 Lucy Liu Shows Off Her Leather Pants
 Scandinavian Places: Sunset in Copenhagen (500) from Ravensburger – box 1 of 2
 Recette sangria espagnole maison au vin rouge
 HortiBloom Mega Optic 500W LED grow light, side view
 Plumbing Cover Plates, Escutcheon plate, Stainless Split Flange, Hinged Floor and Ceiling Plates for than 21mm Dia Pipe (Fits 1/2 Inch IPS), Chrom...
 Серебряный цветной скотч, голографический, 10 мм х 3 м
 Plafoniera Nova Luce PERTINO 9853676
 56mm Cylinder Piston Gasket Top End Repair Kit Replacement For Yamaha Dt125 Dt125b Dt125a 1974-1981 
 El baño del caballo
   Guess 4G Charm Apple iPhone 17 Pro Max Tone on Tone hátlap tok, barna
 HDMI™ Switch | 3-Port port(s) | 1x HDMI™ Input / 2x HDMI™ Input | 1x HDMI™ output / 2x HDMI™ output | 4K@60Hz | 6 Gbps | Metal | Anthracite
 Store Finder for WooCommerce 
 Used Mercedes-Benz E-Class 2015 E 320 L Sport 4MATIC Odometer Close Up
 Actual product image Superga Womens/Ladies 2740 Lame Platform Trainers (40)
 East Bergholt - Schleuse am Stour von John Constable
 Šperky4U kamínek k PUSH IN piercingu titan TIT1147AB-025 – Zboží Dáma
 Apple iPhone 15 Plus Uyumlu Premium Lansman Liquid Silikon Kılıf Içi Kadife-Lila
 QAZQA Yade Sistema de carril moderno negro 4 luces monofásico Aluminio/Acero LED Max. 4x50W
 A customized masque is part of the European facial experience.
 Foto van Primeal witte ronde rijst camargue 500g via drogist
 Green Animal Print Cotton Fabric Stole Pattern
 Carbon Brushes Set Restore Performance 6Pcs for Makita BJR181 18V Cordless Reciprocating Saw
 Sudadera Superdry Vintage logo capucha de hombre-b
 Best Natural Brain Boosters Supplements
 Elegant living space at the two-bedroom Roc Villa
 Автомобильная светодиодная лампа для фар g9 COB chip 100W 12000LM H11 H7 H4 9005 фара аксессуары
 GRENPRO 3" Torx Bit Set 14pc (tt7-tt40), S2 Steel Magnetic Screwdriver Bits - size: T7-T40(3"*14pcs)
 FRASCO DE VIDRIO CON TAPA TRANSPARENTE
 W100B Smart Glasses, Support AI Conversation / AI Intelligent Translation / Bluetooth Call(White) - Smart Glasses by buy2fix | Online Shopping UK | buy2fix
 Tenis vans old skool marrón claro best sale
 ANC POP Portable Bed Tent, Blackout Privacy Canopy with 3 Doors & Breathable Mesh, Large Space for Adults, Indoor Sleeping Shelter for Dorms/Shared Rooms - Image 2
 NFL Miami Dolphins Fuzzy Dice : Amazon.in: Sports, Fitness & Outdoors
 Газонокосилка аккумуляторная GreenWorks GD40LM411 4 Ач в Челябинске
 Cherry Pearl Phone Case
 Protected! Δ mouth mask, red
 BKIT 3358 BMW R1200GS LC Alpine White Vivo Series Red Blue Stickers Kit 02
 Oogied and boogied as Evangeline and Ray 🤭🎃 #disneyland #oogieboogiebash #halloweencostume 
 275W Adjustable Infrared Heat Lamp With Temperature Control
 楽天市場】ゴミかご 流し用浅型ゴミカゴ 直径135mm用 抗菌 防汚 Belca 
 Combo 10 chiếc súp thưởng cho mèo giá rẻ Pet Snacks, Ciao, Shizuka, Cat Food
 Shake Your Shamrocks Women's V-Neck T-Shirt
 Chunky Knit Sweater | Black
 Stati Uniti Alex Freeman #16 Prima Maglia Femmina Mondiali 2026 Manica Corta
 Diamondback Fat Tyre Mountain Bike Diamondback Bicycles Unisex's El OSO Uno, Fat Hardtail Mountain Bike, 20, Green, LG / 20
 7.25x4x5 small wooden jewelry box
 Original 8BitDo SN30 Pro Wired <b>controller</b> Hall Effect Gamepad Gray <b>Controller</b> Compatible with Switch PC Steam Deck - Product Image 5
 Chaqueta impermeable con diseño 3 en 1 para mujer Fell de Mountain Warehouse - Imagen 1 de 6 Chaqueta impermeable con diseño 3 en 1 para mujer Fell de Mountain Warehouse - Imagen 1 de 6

**Task item**: Both end lines included, restate word for word the lines above from the line with "HDMI™ Switch |" to the line with "East Bergholt - Schleuse", and nothing else.

**Answer space**:
 HDMI™ Switch | 3-Port port(s) | 1x HDMI™ Input / 2x HDMI™ Input | 1x HDMI™ output / 2x HDMI™ output | 4K@60Hz | 6 Gbps | Metal | Anthracite
 Store Finder for WooCommerce 
 Used Mercedes-Benz E-Class 2015 E 320 L Sport 4MATIC Odometer Close Up
 Actual product image Superga Womens/Ladies 2740 Lame Platform Trainers (40)
 East Bergholt - Schleuse am Stour von John Constable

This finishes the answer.